** Opening Recorded data block **

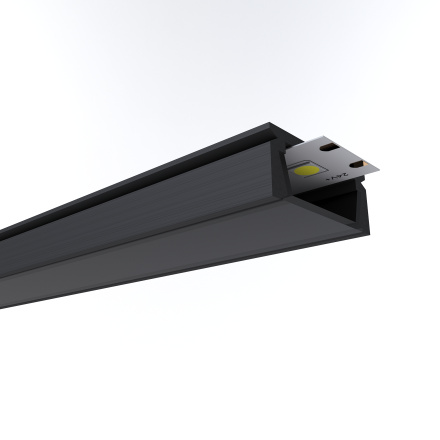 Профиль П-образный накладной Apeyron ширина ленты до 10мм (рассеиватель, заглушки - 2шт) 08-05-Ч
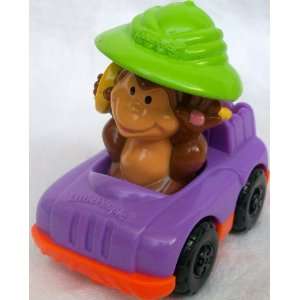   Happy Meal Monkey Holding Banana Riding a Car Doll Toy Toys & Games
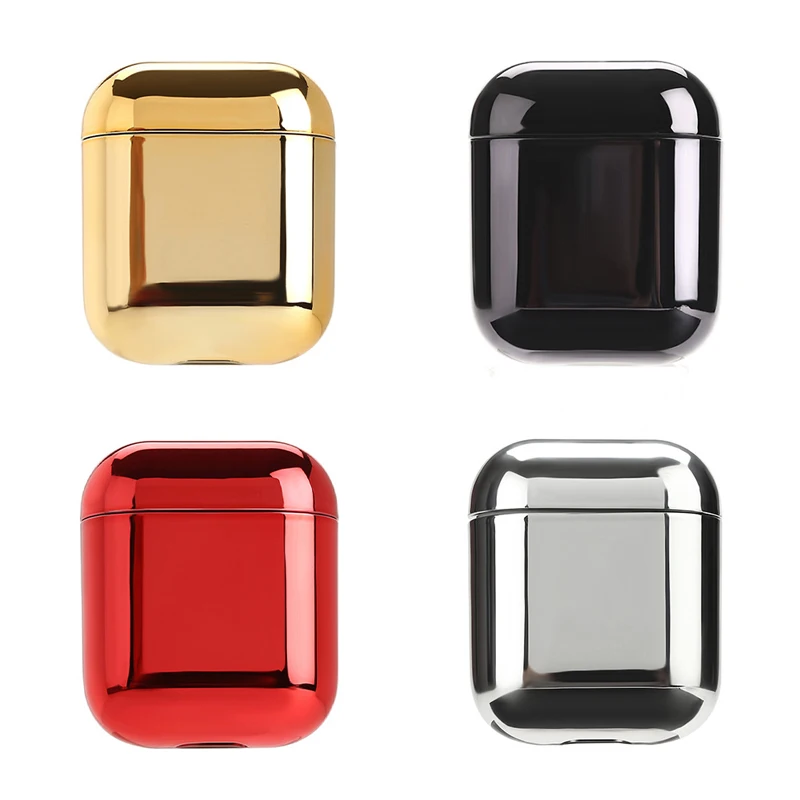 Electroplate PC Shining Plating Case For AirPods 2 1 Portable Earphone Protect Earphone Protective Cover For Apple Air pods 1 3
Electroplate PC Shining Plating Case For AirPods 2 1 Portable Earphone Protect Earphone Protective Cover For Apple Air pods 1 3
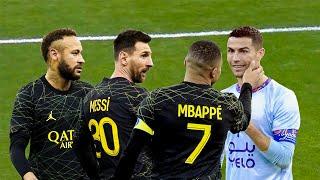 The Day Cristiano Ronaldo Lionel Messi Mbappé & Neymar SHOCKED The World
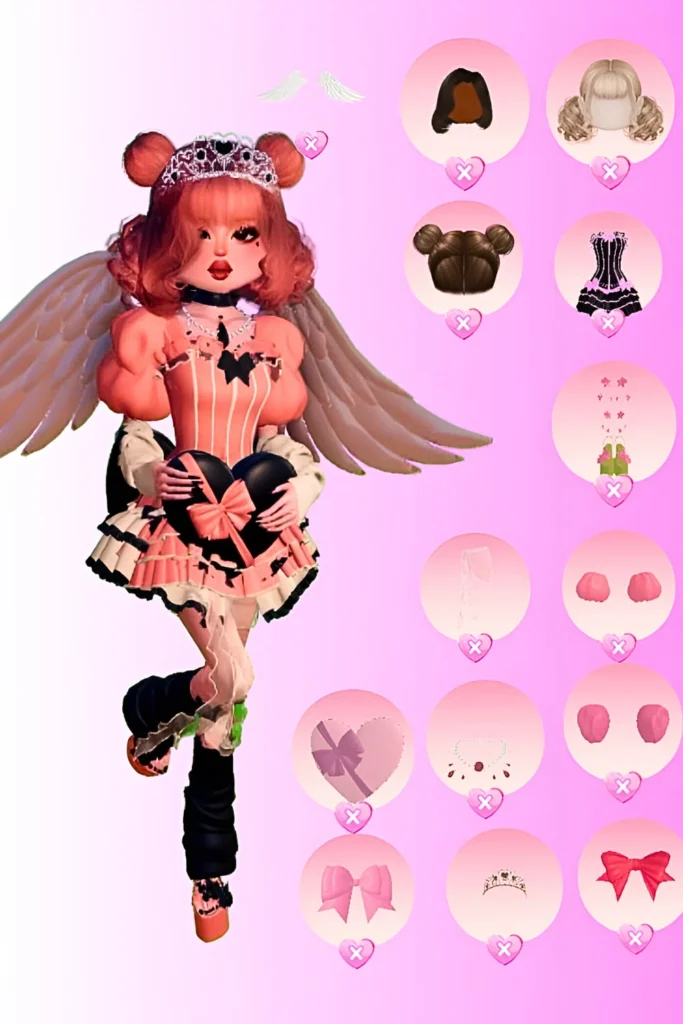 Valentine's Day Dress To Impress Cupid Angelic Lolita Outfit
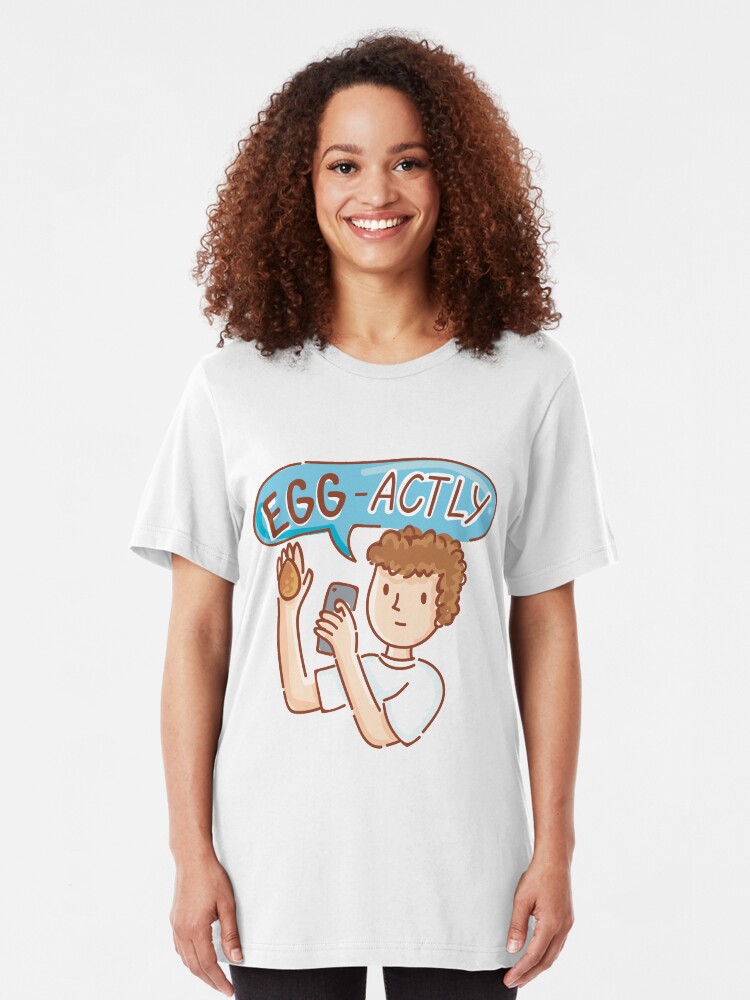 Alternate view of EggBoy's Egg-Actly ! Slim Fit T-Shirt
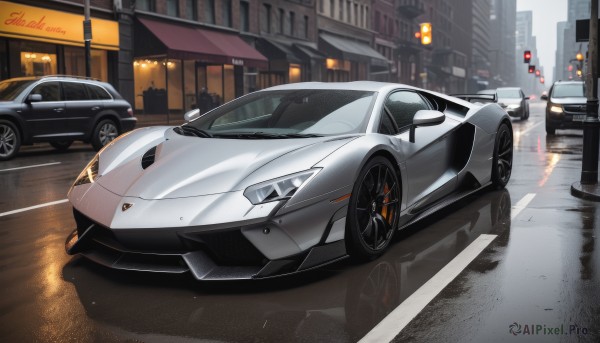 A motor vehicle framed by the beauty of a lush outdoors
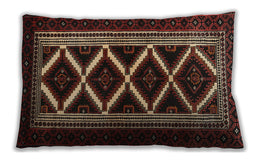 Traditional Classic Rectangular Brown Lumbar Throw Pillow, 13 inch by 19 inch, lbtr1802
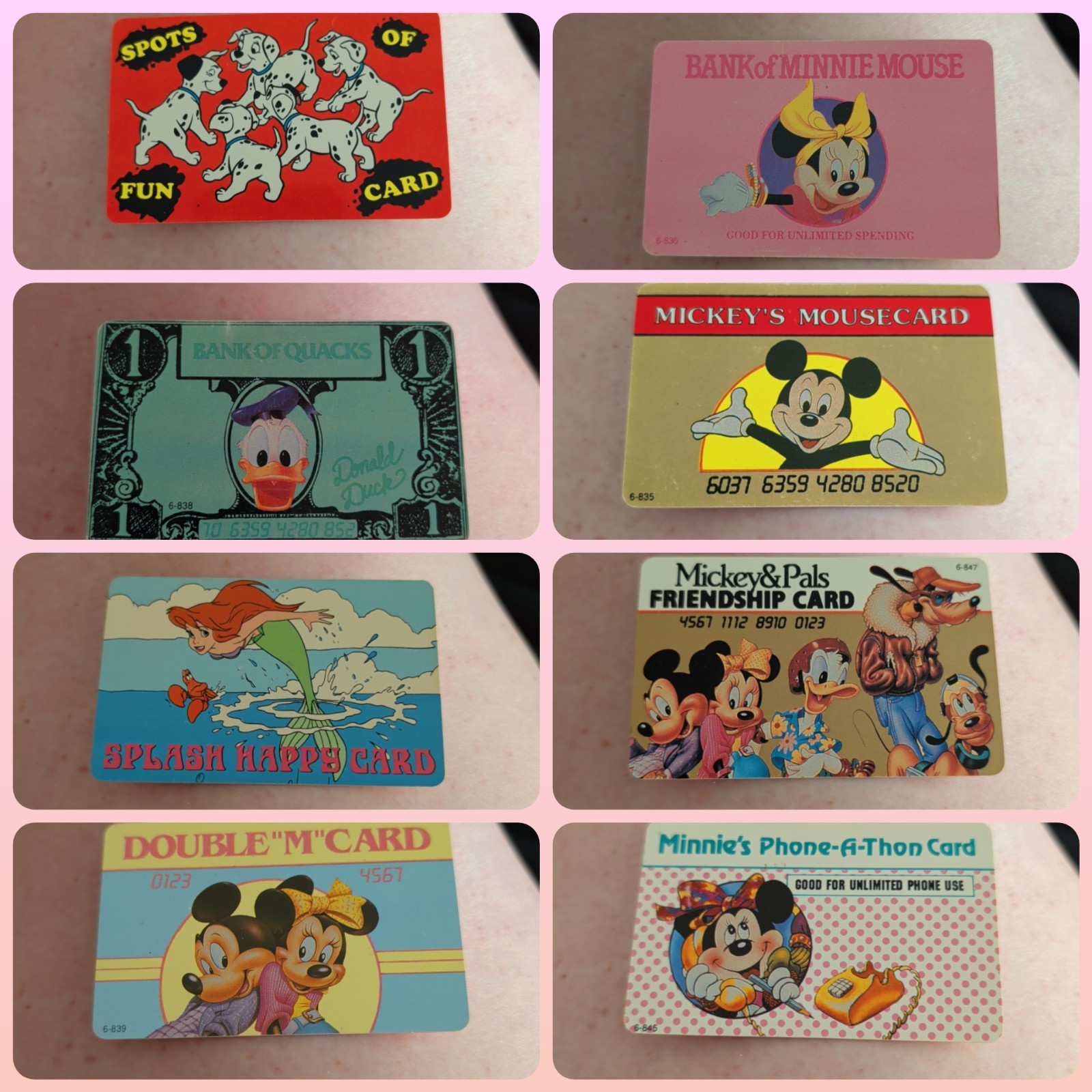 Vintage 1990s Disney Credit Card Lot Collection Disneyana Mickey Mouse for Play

** Closing Recorded data block **

### Task directions
Restate word for word the lines running from the one with "Alternate view of" to the end of the entries; pictures are to be left out.

### Exercise answer
 Alternate view of EggBoy's Egg-Actly ! Slim Fit T-Shirt
 A motor vehicle framed by the beauty of a lush outdoors
 Traditional Classic Rectangular Brown Lumbar Throw Pillow, 13 inch by 19 inch, lbtr1802
 Vintage 1990s Disney Credit Card Lot Collection Disneyana Mickey Mouse for Play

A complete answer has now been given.